Add fused multiply-add instructions

This patch adds eight new primops that fuse a multiplication and an addition or subtraction: - `{fmadd,fmsub,fnmadd,fnmsub}{Float,Double}#` fmadd x y z is x * y + z, computed with a single rounding step. This patch implements code generation for these primops in the following backends: - X86, AArch64 and PowerPC NCG, - LLVM - C WASM uses the C implementation. The primops are unsupported in the JavaScript backend. The following constant folding rules are also provided: - compute a * b + c when a, b, c are all literals, - x * y + 0 ==> x * y, - ±1 * y + z ==> z ± y and x * ±1 + z ==> z ± x. NB: the constant folding rules incorrectly handle signed zero. This is a known limitation with GHC's floating-point constant folding rules (#21227), which we hope to resolve in the future.
author: sheaf <sam.derbyshire@gmail.com> 2023-04-08 13:42:58 +0200
committer: Marge Bot <ben+marge-bot@smart-cactus.org> 2023-05-11 11:55:22 -0400
commit: 87eebf98cb485f7c9175330051736e147ade9848 (patch)
tree: ffa226b3fefa8b0a03e1798fa4f55affbddf654b /docs
parent: 630b1fea1e41a1e00860a30742b6ab8ade8a0de0 (diff)
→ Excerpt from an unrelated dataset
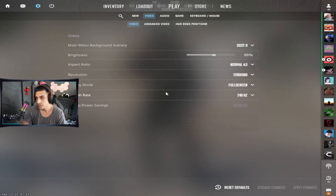Hi guys, this is Ankit Panth, also known as Venom. A lot of you guys were asking me about my Counter-Strike video settings, so I thought let's make a video for it. Check it out.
download: haskell-87eebf98cb485f7c9175330051736e147ade9848.tar.gz
2 files changed, 36 insertions, 0 deletions
diff --git a/docs/users_guide/9.8.1-notes.rst b/docs/users_guide/9.8.1-notes.rst
index e7e9acdf75..84d9105efd 100644
--- a/docs/users_guide/9.8.1-notes.rst
+++ b/docs/users_guide/9.8.1-notes.rst
@@ -142,6 +142,24 @@ Runtime system
     - ``sameMutVar#``, ``sameTVar#``, ``sameMVar#``
     - ``sameIOPort#``, ``eqStableName#``.
 
+- New primops for fused multiply-add operations. These primops combine a
+  multiplication and an addition, compiling to a single instruction when
+  the ``-mfma`` flag is enabled and the architecture supports it.
+
+  The new primops are ``fmaddFloat#, fmsubFloat#, fnmaddFloat#, fnmsubFloat# :: Float# -> Float# -> Float# -> Float#``
+  and ``fmaddDouble#, fmsubDouble#, fnmaddDouble#, fnmsubDouble# :: Double# -> Double# -> Double# -> Double#``.
+
+  These implement the following operations, while performing one single
+  rounding at the end, leading to a more accurate result:
+
+    - ``fmaddFloat# x y z``, ``fmaddDouble# x y z`` compute ``x * y + z``.
+    - ``fmsubFloat# x y z``, ``fmsubDouble# x y z`` compute ``x * y - z``.
+    - ``fnmaddFloat# x y z``, ``fnmaddDouble# x y z`` compute ``- x * y + z``.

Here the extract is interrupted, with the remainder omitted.